No domingo, 15 de março, Espanha já era o segundo país na Europa com o maior número de infetados com o novo coronavírus. Só Itália estava à frente. A situação no país escalou depressa e com pouco sobreaviso: em apenas alguns dias, o número de casos registados multiplicou-se assustadoramente para mais de 7 mil — há duas semanas, havia apenas 80 infetados.
“Acho que as pessoas estão com medo”, revela à NiT Rita Saraiva, de 27 anos, que fugiu de Madrid na noite da passada quarta-feira, 11 de março. É na capital espanhola que a situação se encontra mais crítica, com praticamente metade dos infetados em todo o país e uma quarentena quase total imposta pelo governo este sábado e que se deverá manter durante, pelo menos, duas semanas.
As saídas à rua foram proibidas, com exceção das idas ao supermercado e farmácia, situações de emergência ou percursos em direção ao trabalho — nos casos em que o teletrabalho não é possível. “Para sair de casa é preciso uma justificação e há polícias nas ruas a controlar toda a gente”, revela Rita.
Todos os restaurantes, bares, lojas, jardins e estabelecimentos de ensino estão fechados, incluindo o famoso parque do Retiro. O ambiente que se vive na capital espanhola, habitualmente cheia de música e movimento, gargalhadas e gente nas esplanadas, parece “saído de um filme”, desabafa.
Há cerca de duas semanas, a empresa multinacional em que trabalha convocou todos os trabalhadores num auditório para falar sobre os impactos que o vírus teria no negócio, ligado à área da restauração, estimando que poderiam perder uma grande percentagem das vendas nos próximos meses. Além disso, adotaram algumas medidas preventivas, como dar a todos os trabalhadores a possibilidade de trabalhar a partir de casa, passar a fazer as deslocações de carro ou, no caso de não o terem, Cabify — e encarregavam-se de pagar as despesas.
“Muito pouca gente começou a adotar estas medidas. Eu própria não o fiz porque ainda não estava a sentir muito os efeitos do coronavírus”, recorda Rita, que está a viver em Madrid há cerca de dois anos. Mas, apenas três dias mais tarde, uma amiga que tinha estado de férias em Itália regressou assustada: “Ela disse-me para deixar de usar os transportes públicos, se tinha essa possibilidade. Foi a única coisa que passei a fazer, além de evitar restaurantes e sítios fechados.”

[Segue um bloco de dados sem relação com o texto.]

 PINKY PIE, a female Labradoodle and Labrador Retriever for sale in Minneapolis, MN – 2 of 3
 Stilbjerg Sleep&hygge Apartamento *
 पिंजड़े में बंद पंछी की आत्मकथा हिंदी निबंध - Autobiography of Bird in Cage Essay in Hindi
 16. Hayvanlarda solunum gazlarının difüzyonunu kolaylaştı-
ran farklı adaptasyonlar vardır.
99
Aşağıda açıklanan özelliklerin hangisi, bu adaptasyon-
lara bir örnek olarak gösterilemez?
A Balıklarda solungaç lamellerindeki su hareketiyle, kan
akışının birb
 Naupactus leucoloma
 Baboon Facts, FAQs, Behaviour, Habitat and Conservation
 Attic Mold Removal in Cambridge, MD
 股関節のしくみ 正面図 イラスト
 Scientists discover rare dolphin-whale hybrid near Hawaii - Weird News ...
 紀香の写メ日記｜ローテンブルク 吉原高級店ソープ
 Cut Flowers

Ainda assim, o clima na cidade não mudou muito até à passada segunda-feira. Os pais de Rita foram visitá-la de Portugal e acompanharam-na ao supermercado para fazer compras maiores. “De manhã ainda havia tudo nos supermercados, mas nessa noite uma amiga minha foi ao mesmo supermercado onde eu tinha estado e já não havia nada”.

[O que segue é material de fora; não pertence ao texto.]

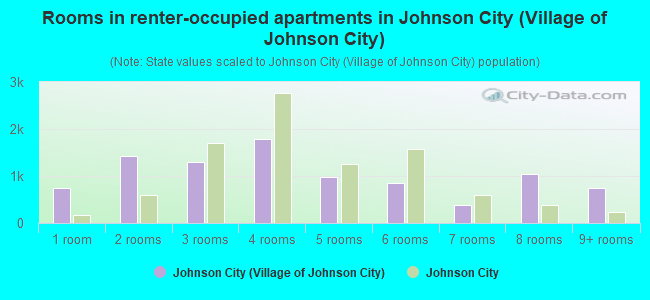 Rooms in renter-occupied apartments in Johnson City (Village of Johnson City)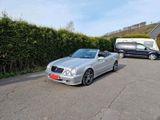 Mercedes-Benz CLK Cabriolet 230 Kompressor 197PS - Mercedes-Benz 230: Kompressor
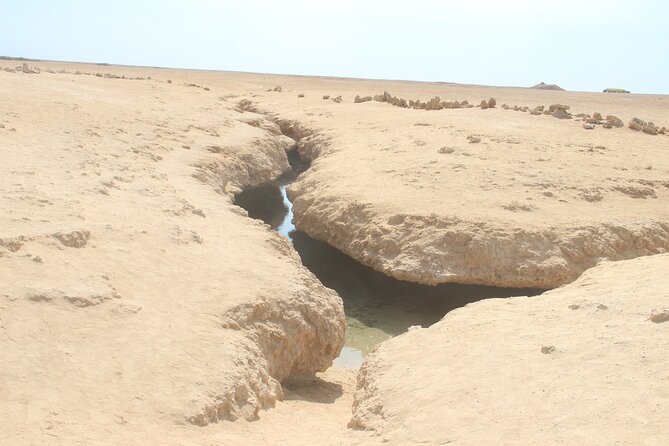Bus Tour to Ras Mohamed from Sharm El Sheikh - Snorkeling in Aqaba and Suez gulfs, plus a mangrove stop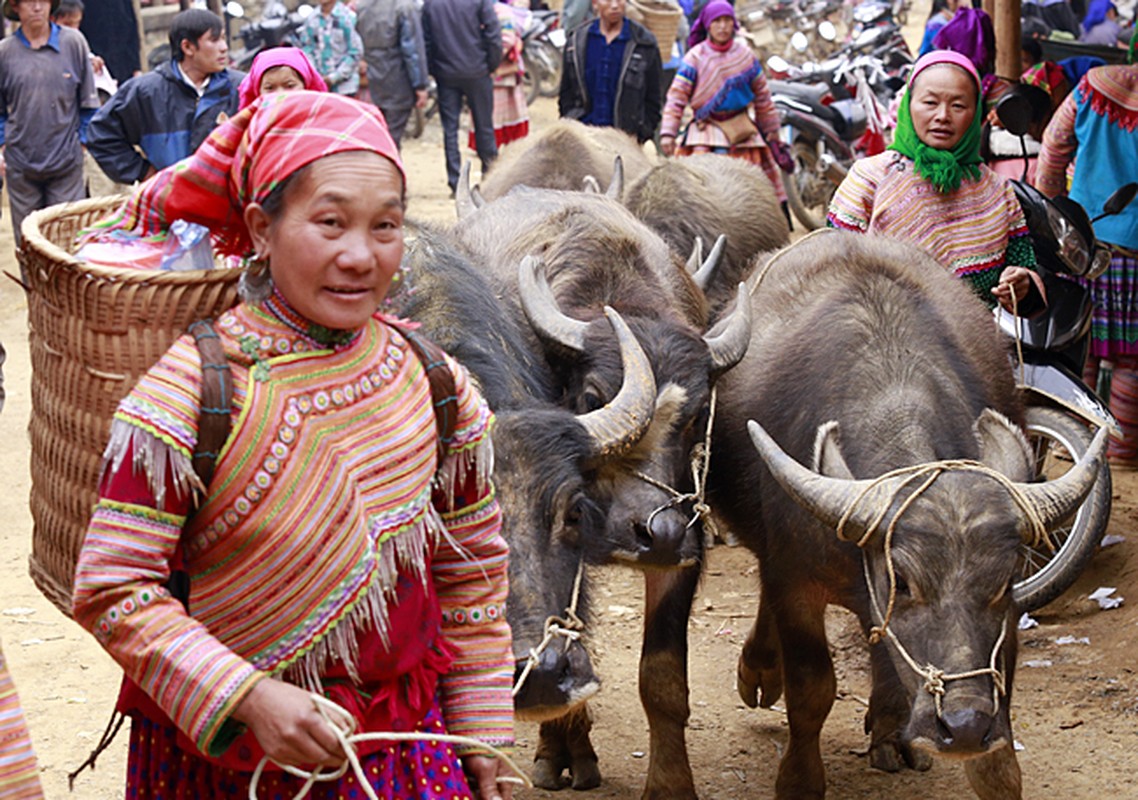 Can Cau - cho trau, chim canh lon nhat Tay Bac-Hinh-3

O caos era “maior do que aquele que se vê em Portugal”. Prateleiras de massa vazias, frigoríficos de carne sem nada, peixe nem vê-lo. O medo começou rapidamente a invadir a cidade e no dia seguinte a empresa decidiu reforçar a mensagem de alerta. “Pediram a todos para ficar em casa, cancelaram reuniões com toda a gente externa”, revela a portuguesa.
No entanto, o caos só se instalou verdadeiramente no dia seguinte, quando “começaram a circular burburinhos” sobre o governo vir a fechar as fronteiras de Madrid, como está a acontecer em certas regiões de Itália. “Eu fiquei em pânico”, desabafa. Rita estava completamente sozinha na cidade — o namorado, com quem vive, tinha viajado para a Ásia e todos os seus amigos portugueses estavam a fugir para Lisboa.
“Decidi que ia comprar o primeiro voo que houvesse. Já tinha um voo para regressar na quinta-feira, mas comprei um para a véspera. Foi a melhor coisa que fiz”, conta à NiT. O regresso atribulado foi realizado na passada quarta-feira à noite de avião.
“Estava com medo, confesso, porque todos me diziam que era louca. Eu não estava a aceitar muito bem a realidade. Mas tive muitos cuidados no aeroporto, que estava vazio. Comprei um bilhete no próprio dia e só paguei 30€”, diz.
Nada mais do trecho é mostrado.